Rapid point-of-care testing for HIV-1 during labor and delivery--Chicago, Illinois, 2002
- PMID: 12970619
Rapid point-of-care testing for HIV-1 during labor and delivery--Chicago, Illinois, 2002
Abstract
On November 7, 2002, the Food and Drug Administration (FDA) approved the OraQuick Rapid HIV-1 Antibody Test (OraSure Technologies, Inc., Bethlehem, Pennsylvania). Rapid human immunodeficiency virus (HIV) testing during labor and delivery allows pregnant women who were not tested previously during pregnancy to be tested and, if HIV-infected, to begin antiretroviral therapy immediately to prevent perinatal transmission. To evaluate whether point-of-care rapid HIV testing during labor and delivery expedites the diagnosis of HIV infection in pregnant women, CDC assessed turnaround testing times at three hospitals in Chicago, Illinois, in which obstetric staff performed rapid tests on whole blood specimens at point of care, and at a fourth hospital in which testing was performed in the hospital laboratory.

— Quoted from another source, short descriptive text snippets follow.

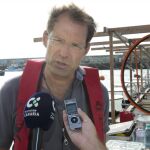 El investigador principal del Centro Helmholtz de Investigación Oceánica de Kiel (Alemania), Ulf Riebesell, informa sobre un experimento que se lleva a cabo en la costa de Gran Canaria sobre los efectos del afloramiento artificial de nutrientes en la productividad de los océanos y en los ciclos bioquímicos que afectan al clima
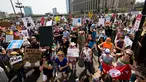 Sejumlah orang melakukan demonstrasi bertepatan 100 hari kerja Trump sebagai presiden di Market Street di Philadelphia, AS, Sabtu (29/4). Demonstran memprotes kebijakan Presiden Donald Trump terkait perubahan iklim. (AP Photo / Matt Rourke)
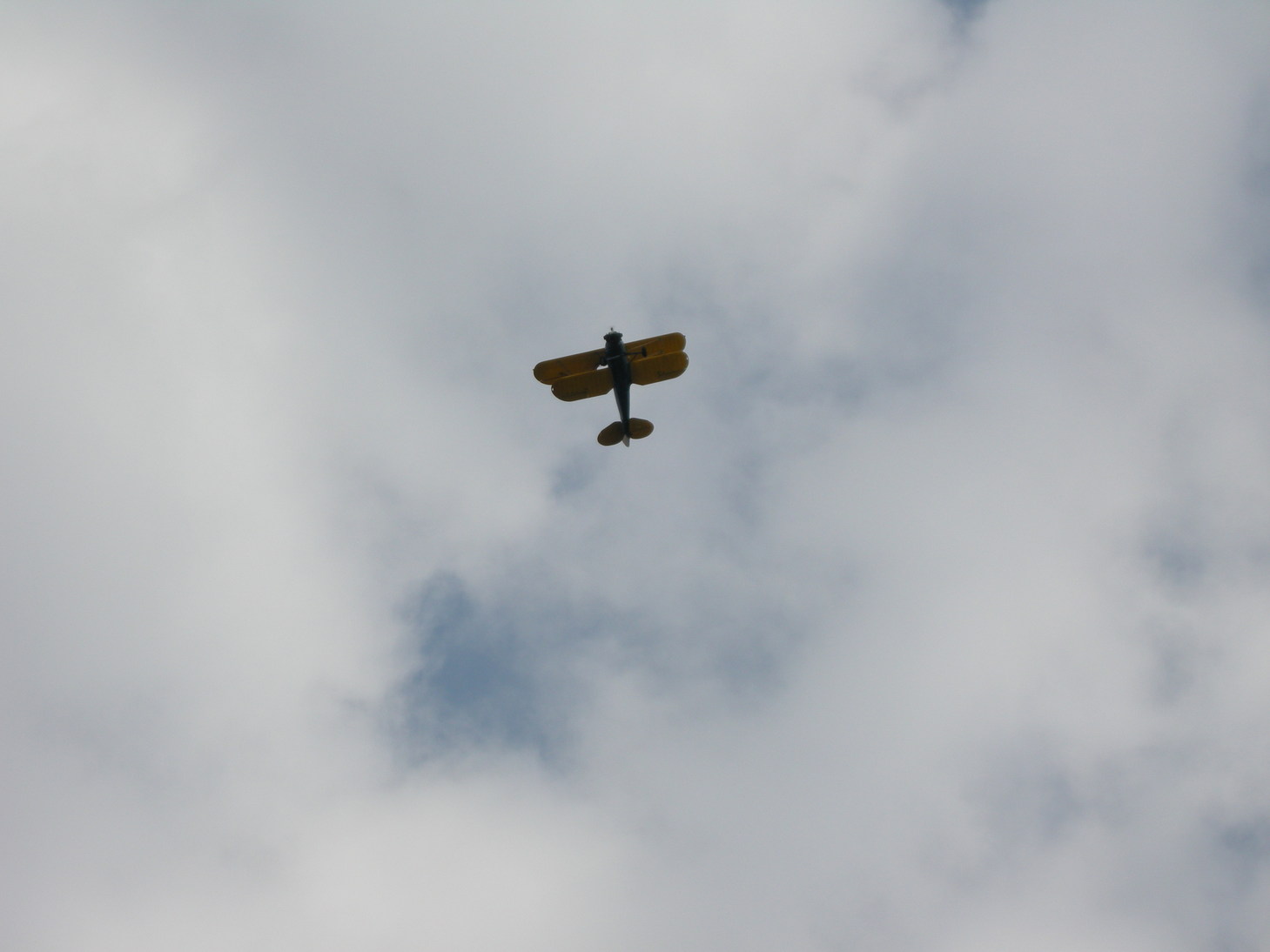 Manteo, NC: Biplane over Manteo, October 2007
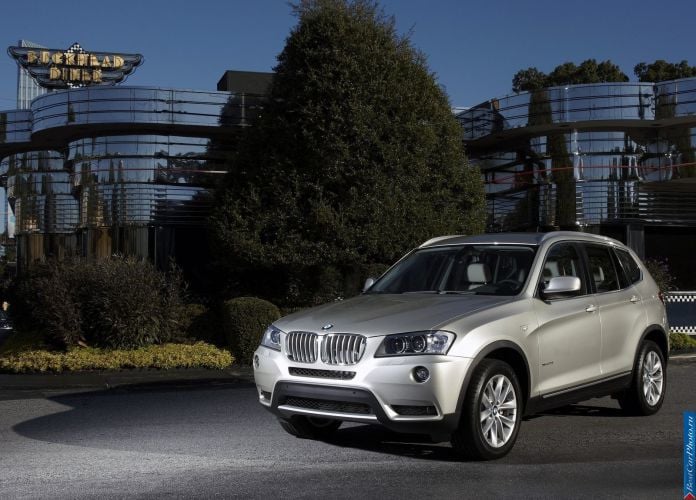 2011 BMW X3 xDrive35i - фотография 56 из 217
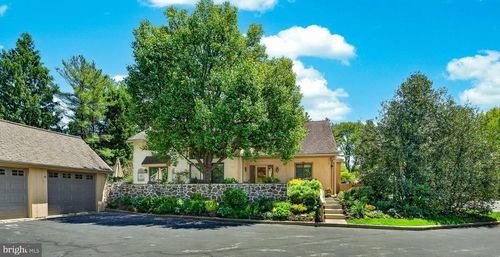 14 Sugar Knoll Dr, Devon, PA, 19333-1558 | Card Image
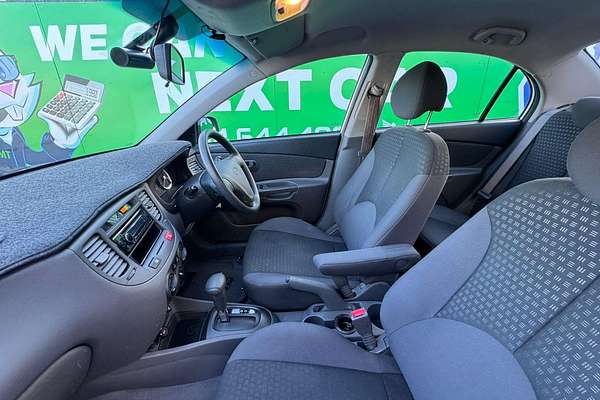 2005 Kia Rio  JB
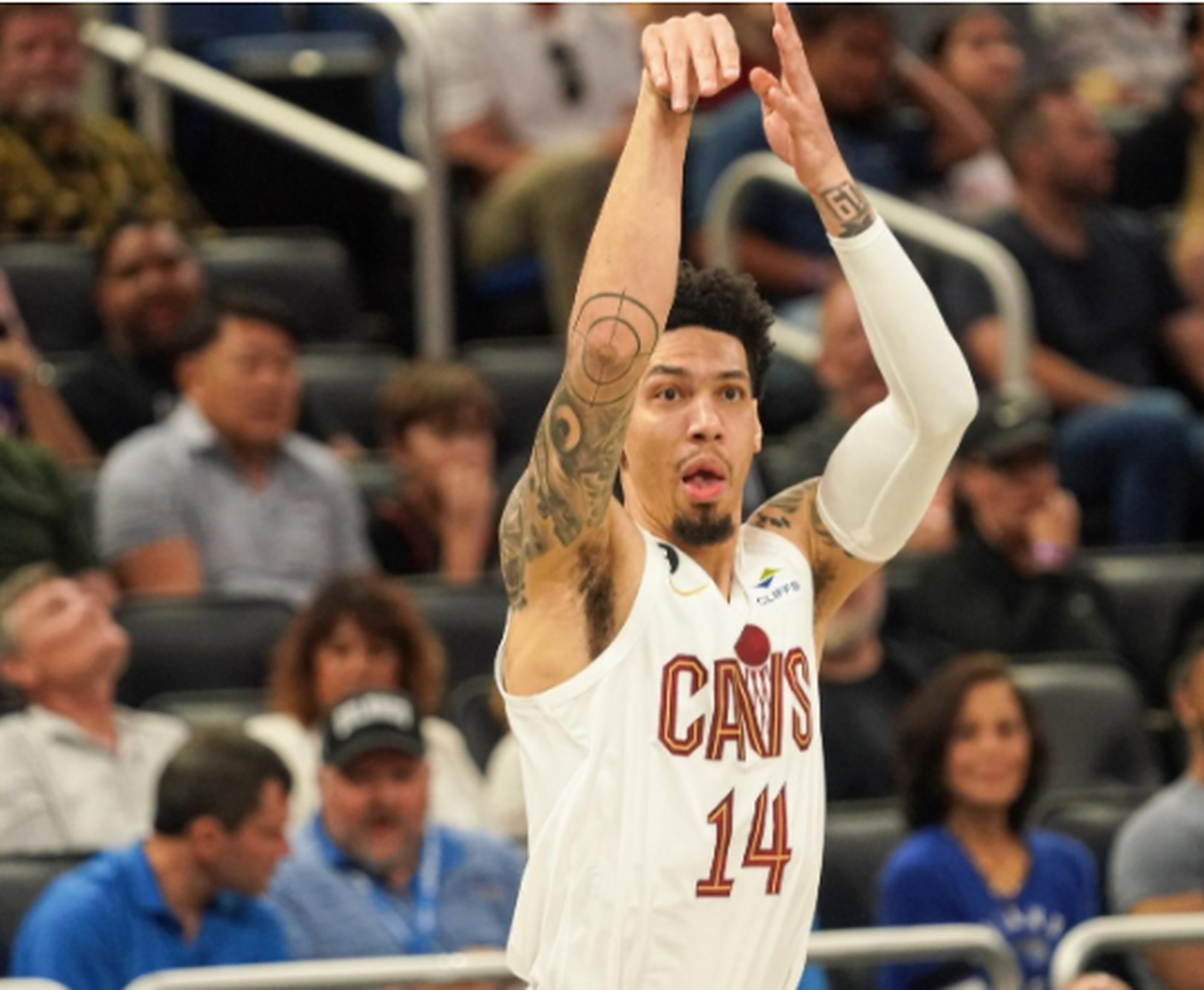 乐鱼体育-关于南韩男篮逆转鹈鹕，丹尼·格林打破历史纪录的信息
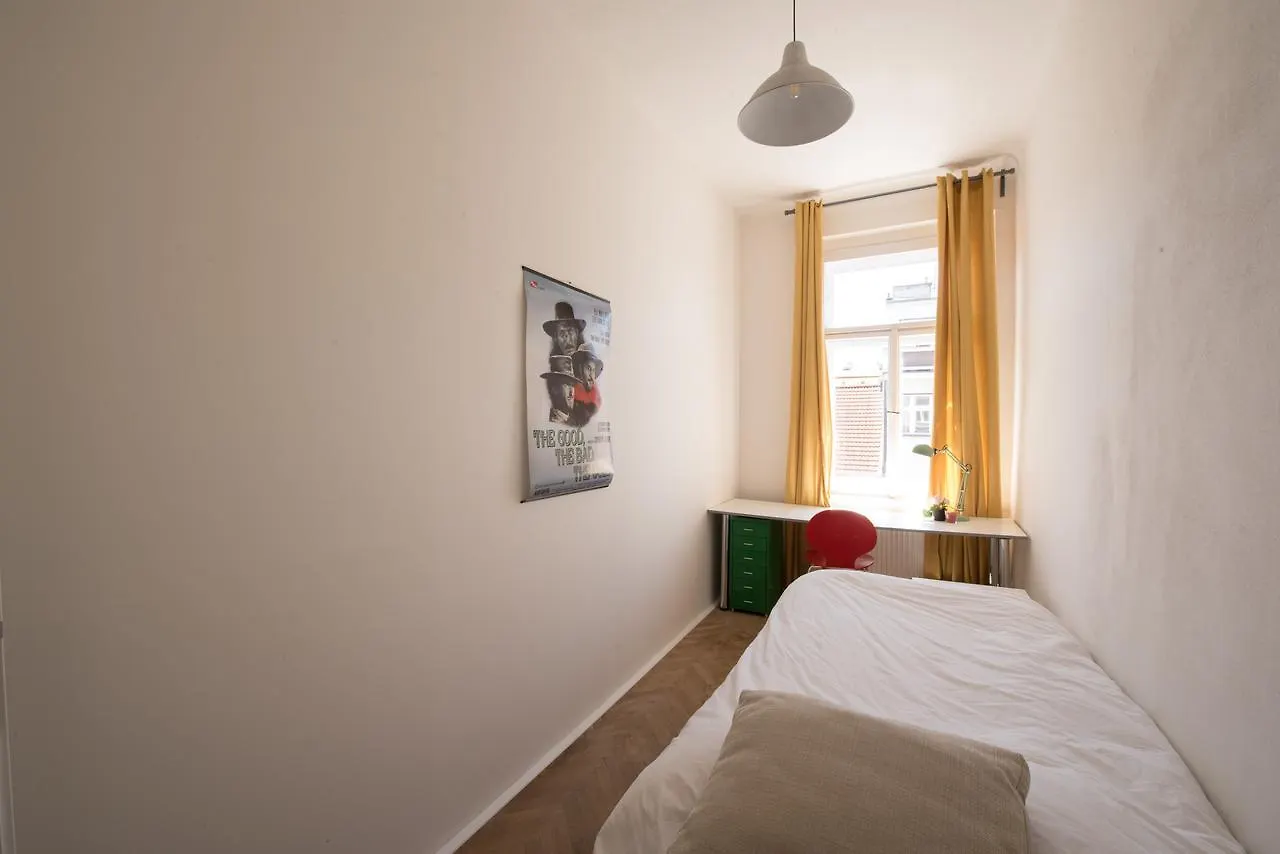 براغ Sergio Leone Private Rooms 0*,  جمهورية التشيك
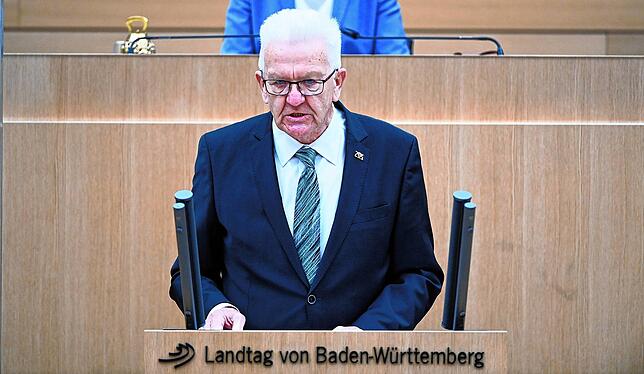 Ministerpräsident Winfried Kretschmann (Grüne) bei seiner Regierungserklärung im neu gewählten Landtag von Baden-Württemberg.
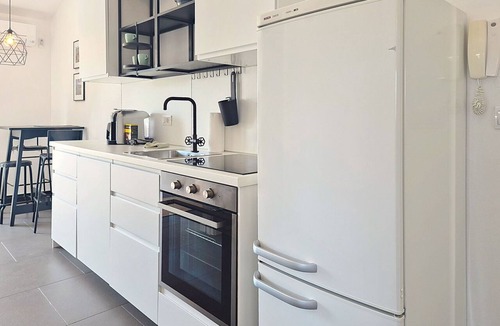 Fiorini House | Beautiful private villa for 10 people with A/C, private pool, WIFI, TV and terrace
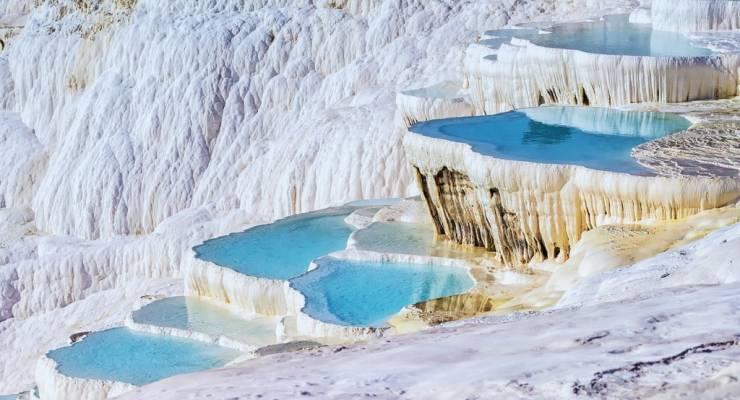 白い石灰棚が美しい世界遺産の温泉！GENIC編集部GENICジェニック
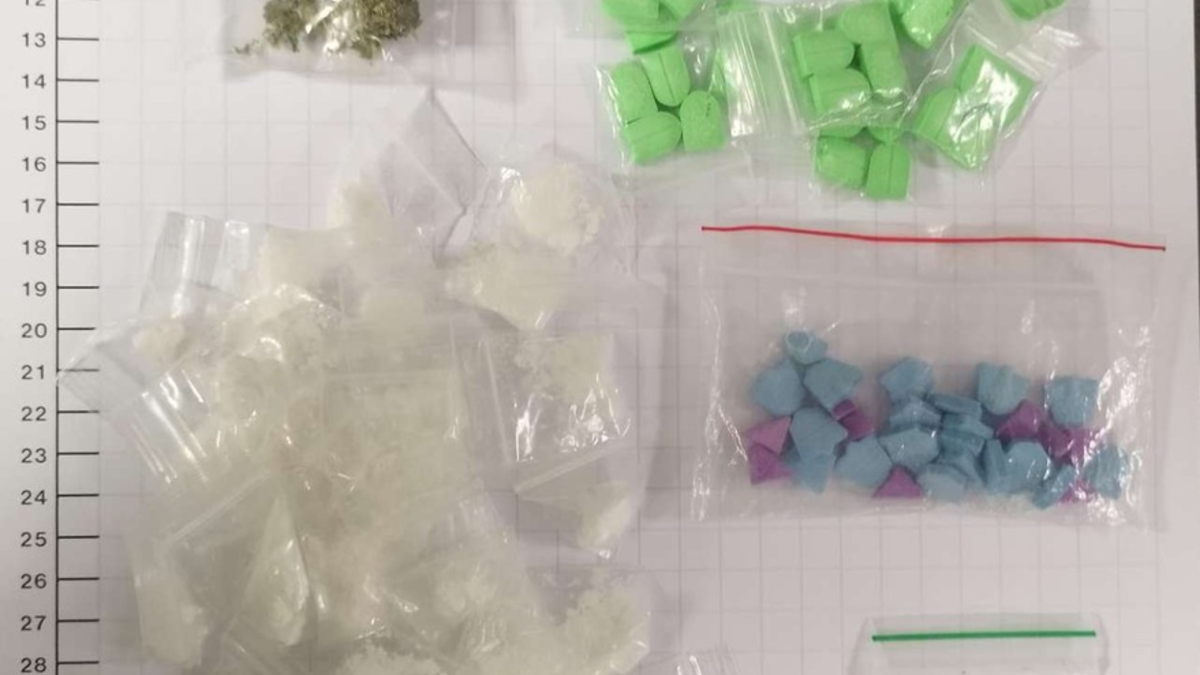 BPOL NRW: Viele Drogen - Bundespolizisten beweisen richtigen 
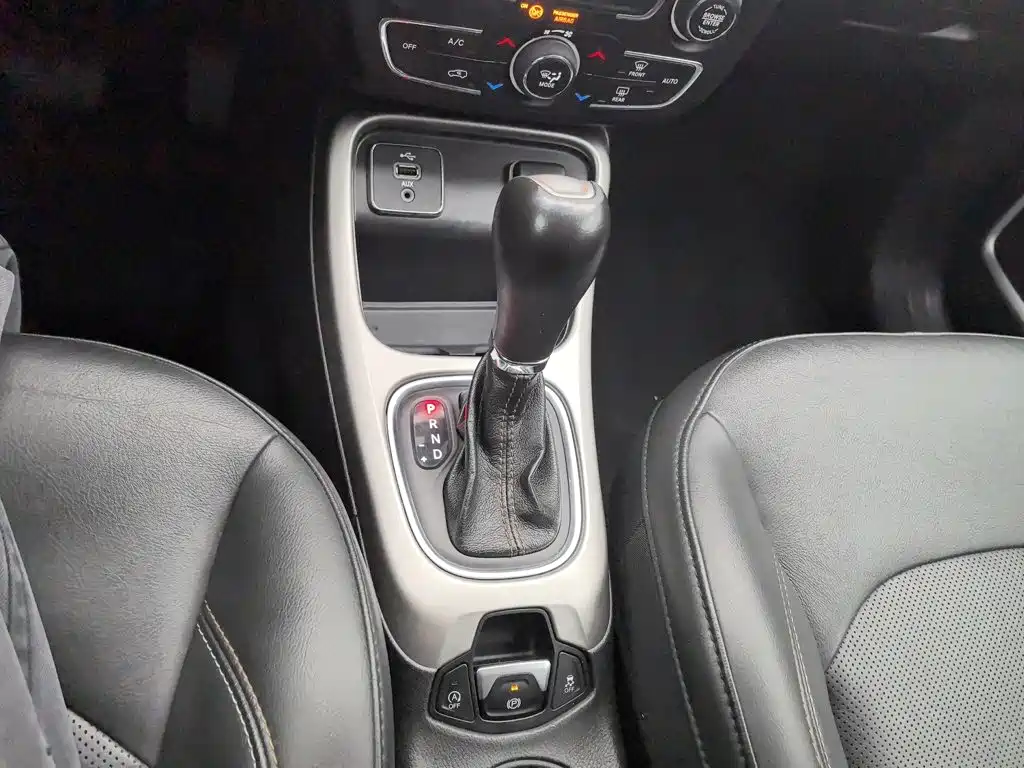 Jeep Compass — миниатюра 13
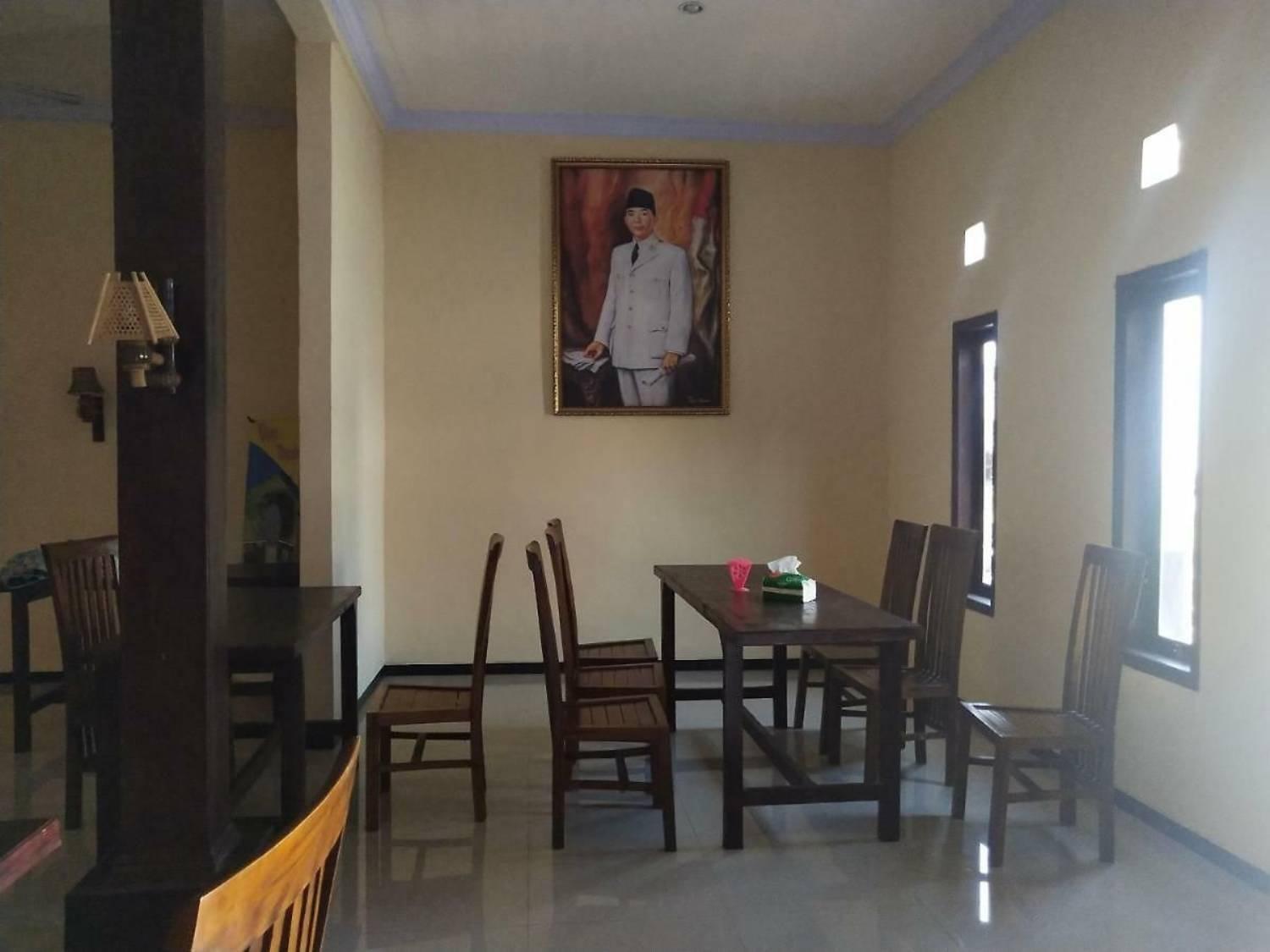 Surya Guest House Проболинго Экстерьер фото
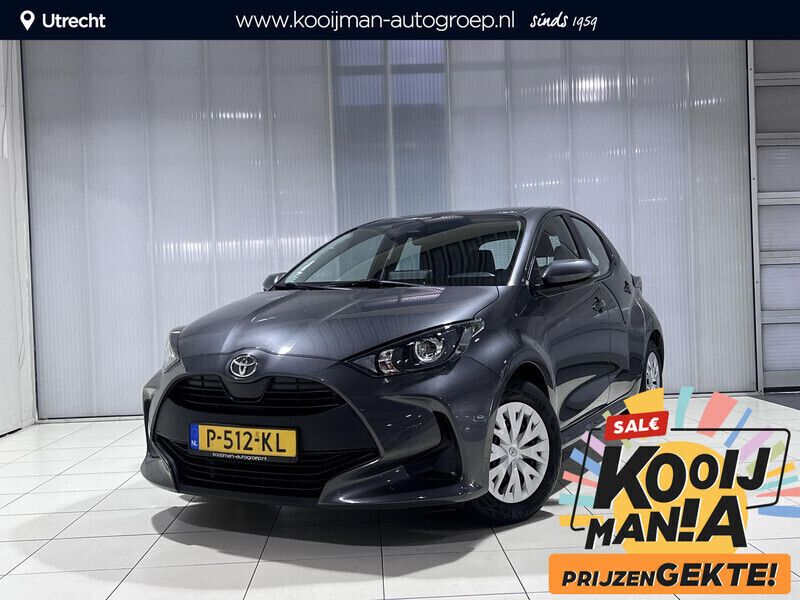 Grijs Gebruikt 2022 Toyota Yaris Active Hatchback | € 20.049 (Iets duurder) - Afbeelding 1/4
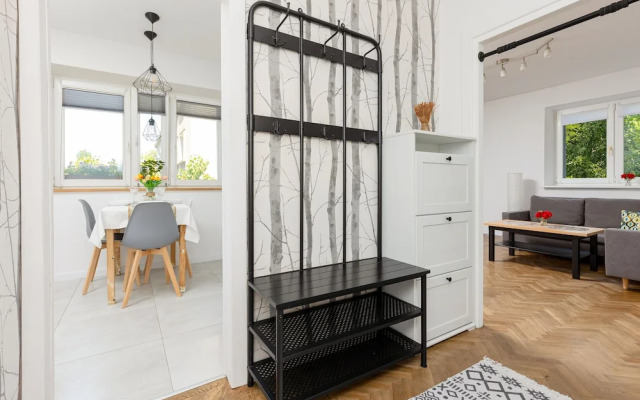 Bright Apartment in Wola by Renters
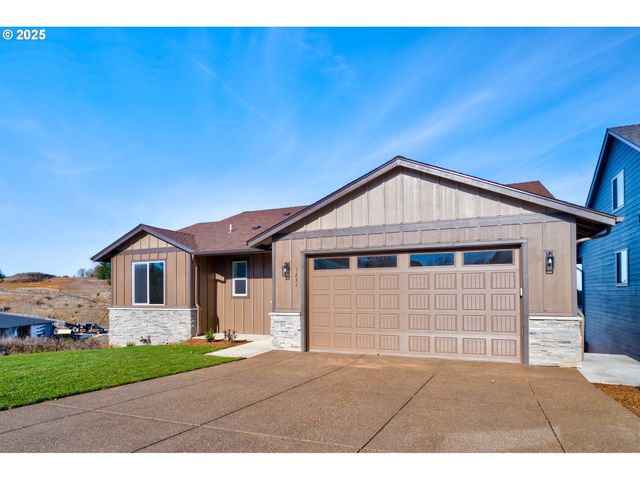 1231 THUNDERBIRD Ave S, Salem, OR 97306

This report summarizes the results of that analysis, which indicate that point-of-care rapid testing provided HIV test results faster than laboratory testing, resulting in prompt administration of intrapartum and neonatal antiretroviral prophylaxis. Hospitals should assess the costs and benefits of implementing point-of-care HIV testing within their institutions.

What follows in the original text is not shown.